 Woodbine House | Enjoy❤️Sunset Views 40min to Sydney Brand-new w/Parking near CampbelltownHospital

---

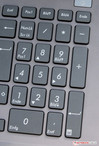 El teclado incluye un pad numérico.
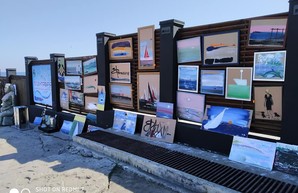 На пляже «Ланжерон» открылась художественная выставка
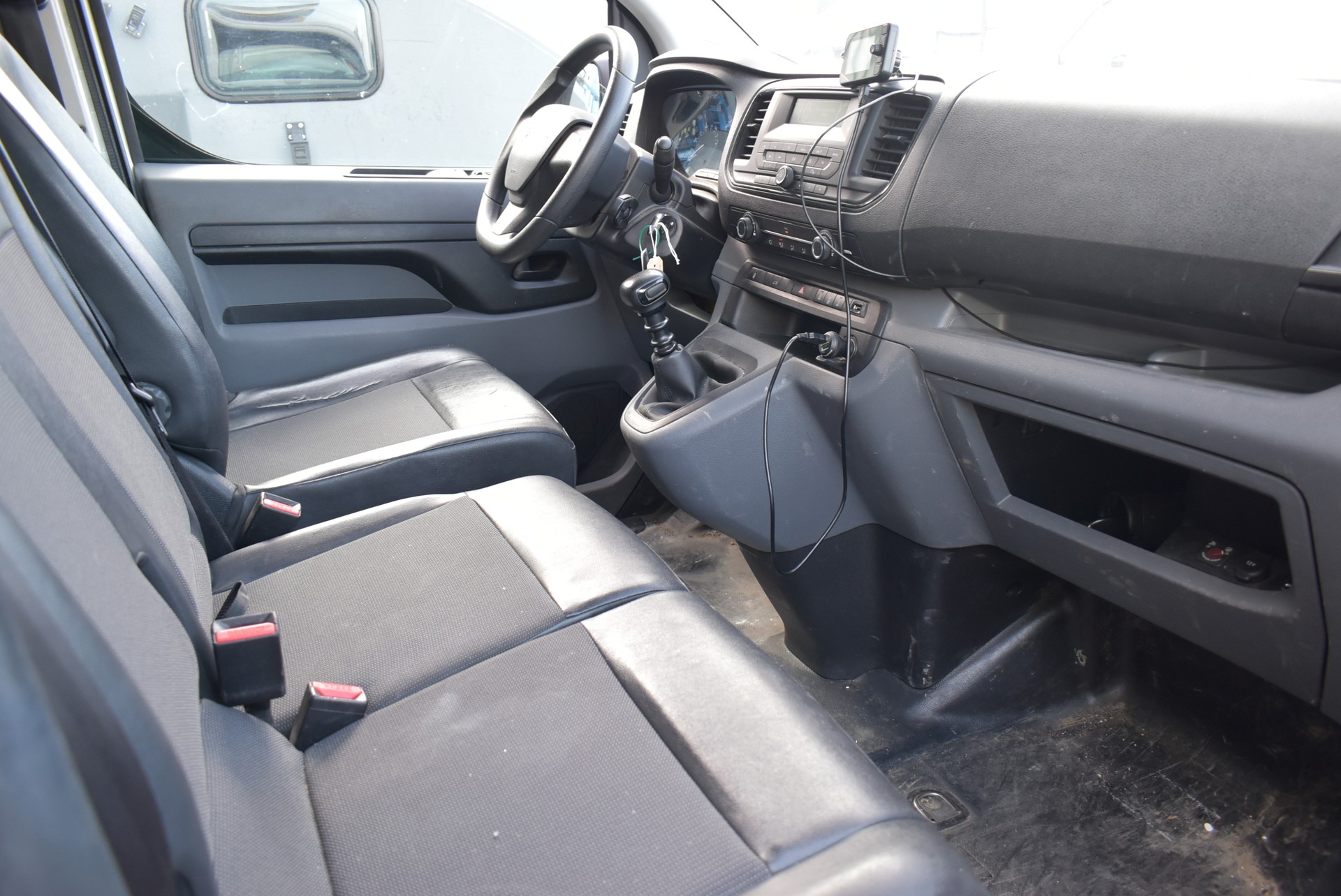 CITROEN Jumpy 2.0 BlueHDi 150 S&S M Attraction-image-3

* [PROBLEM REQUIREMENTS]: In the entries above, which lines run from the one with "El teclado incluye un pad numérico." up to and including the one with "CITROEN Jumpy 2.0"? Write them out exactly, without the pictures.

* [RESPONSE]:
 El teclado incluye un pad numérico.
 На пляже «Ланжерон» открылась художественная выставка
 CITROEN Jumpy 2.0 BlueHDi 150 S&S M Attraction-image-3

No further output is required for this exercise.